Greer was first elected as a judge in 1992 and was re-elected three times, including twice after he first ruled in 2000 that Schiavo’s feeding tube could be removed.

After his finding that evidence showed Schiavo was in a persistent vegetative state and had told her husband that she didn’t want to be kept on life support, Greer became a target of criticism by pro-life groups across the country. He received death threats and calls for his impeachment. He also withdrew his membership from a Southern Baptist church, because of the controversy.

“These past several years have been a bit trying,” Greer told the audience, according to the AP. “You see my friends out there at the gate. I thank you for not inviting them in.”

Before Greer received the award, 2nd District Court of Appeal Judge Morris Silberman said, “What Judge Greer did, and what judges in general do, is they look to the law, they look for guidance in the law, and they come up with the best answers they can within the law,” the Tampa Tribune reported.

Baptist Press reported March 18 that Greer had withdrawn his membership at Calvary Baptist Church in Clearwater, Fla., following an exchange of letters with Pastor William Rice.
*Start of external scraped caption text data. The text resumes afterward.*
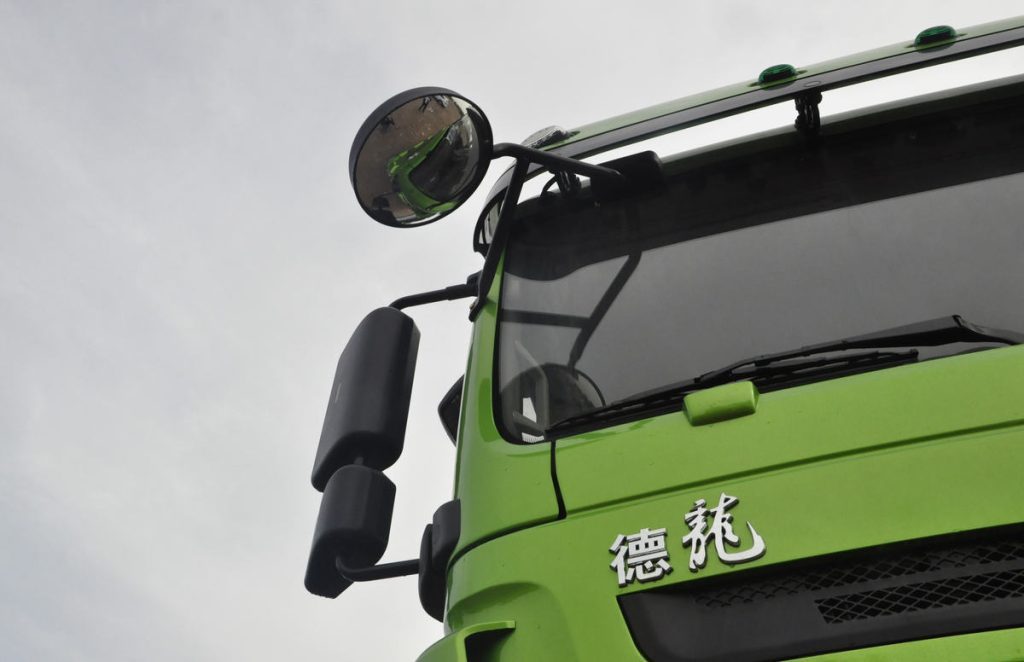 Shacman M3000 6x4 350HP dump truck Shacman M3000 6x4 350HP dump truck
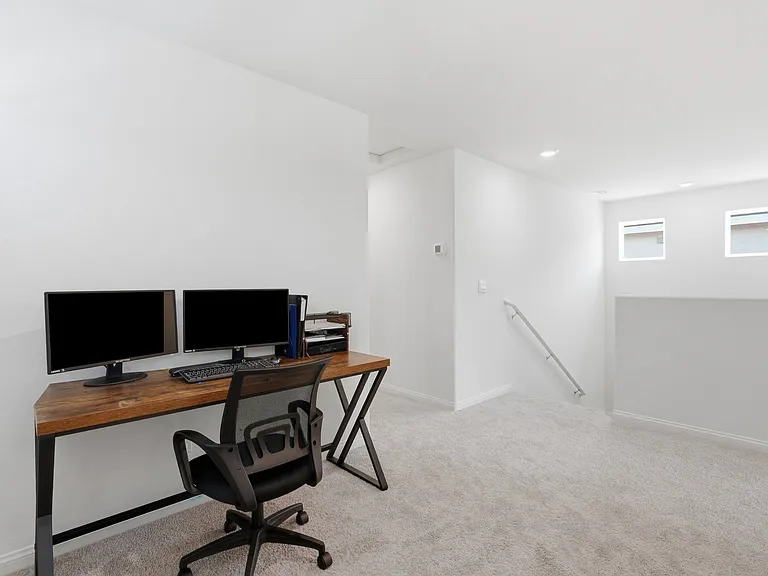 1502 Brianna Falls Dr — Photo 25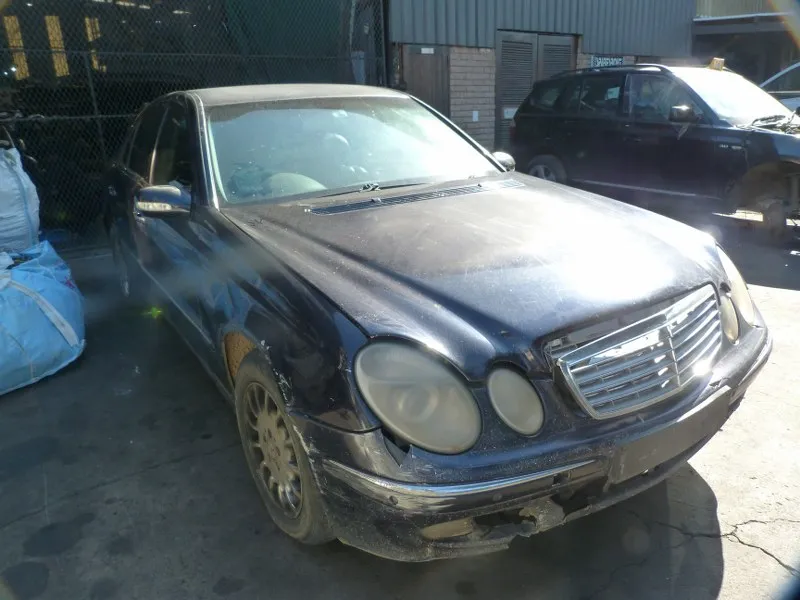 2004 Mercedes-Benz E-Class 271 view 3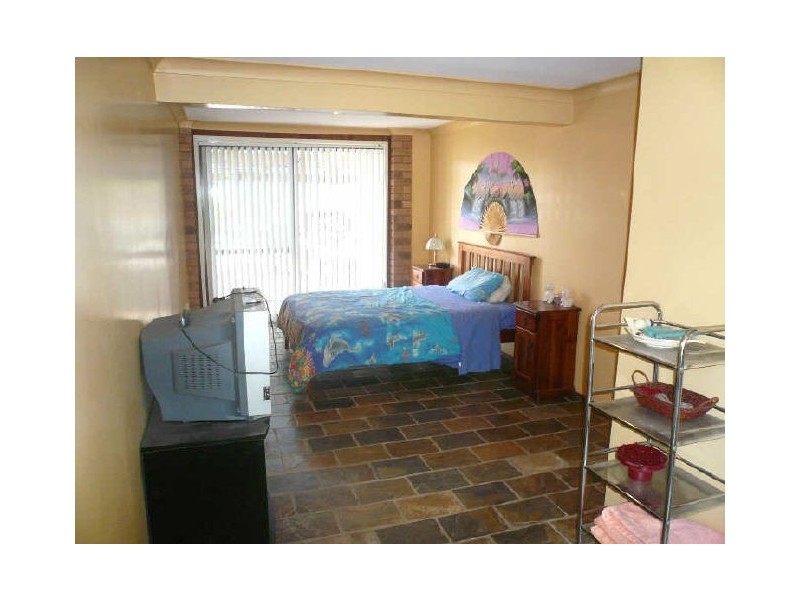 Point Clare NSW 2250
Rice, who attended the church as a teenager and returned as pastor five months ago, said he wrote Greer after reading comments by the judge in the St. Petersburg Times saying he had stopped attending and contributing to the church because of criticism, including an editorial in the Baptist state newspaper, which is sent church members along with the church newsletter.

In an exchange of letters, Rice said: “We communicated about his relationship with the church and his public statements that he had withdrawn from the church and statements that he had made in the paper about his relationship with the church. We communicated about the nature of his commitment to the church and what he wanted that to be in the future.”

Rice wrote a commentary in the March 17 Florida Baptist Witness publicly identifying the church as pro-life.

“This [Schiavo] case seems complex but it is as simple as four words: ‘Thou shalt not kill,'” Rice wrote. “If you need a compass for this complex case, you’ll find it there. As we all know, the Sixth Commandment means it is wrong to murder–to take the life of an innocent person without just cause. If I were the nurse in that hospice center and the directive were given to me to discontinue feeding a living human being and watch as he or she starved to death, I couldn’t do it. I’d rather get fired, resign, or do something else.”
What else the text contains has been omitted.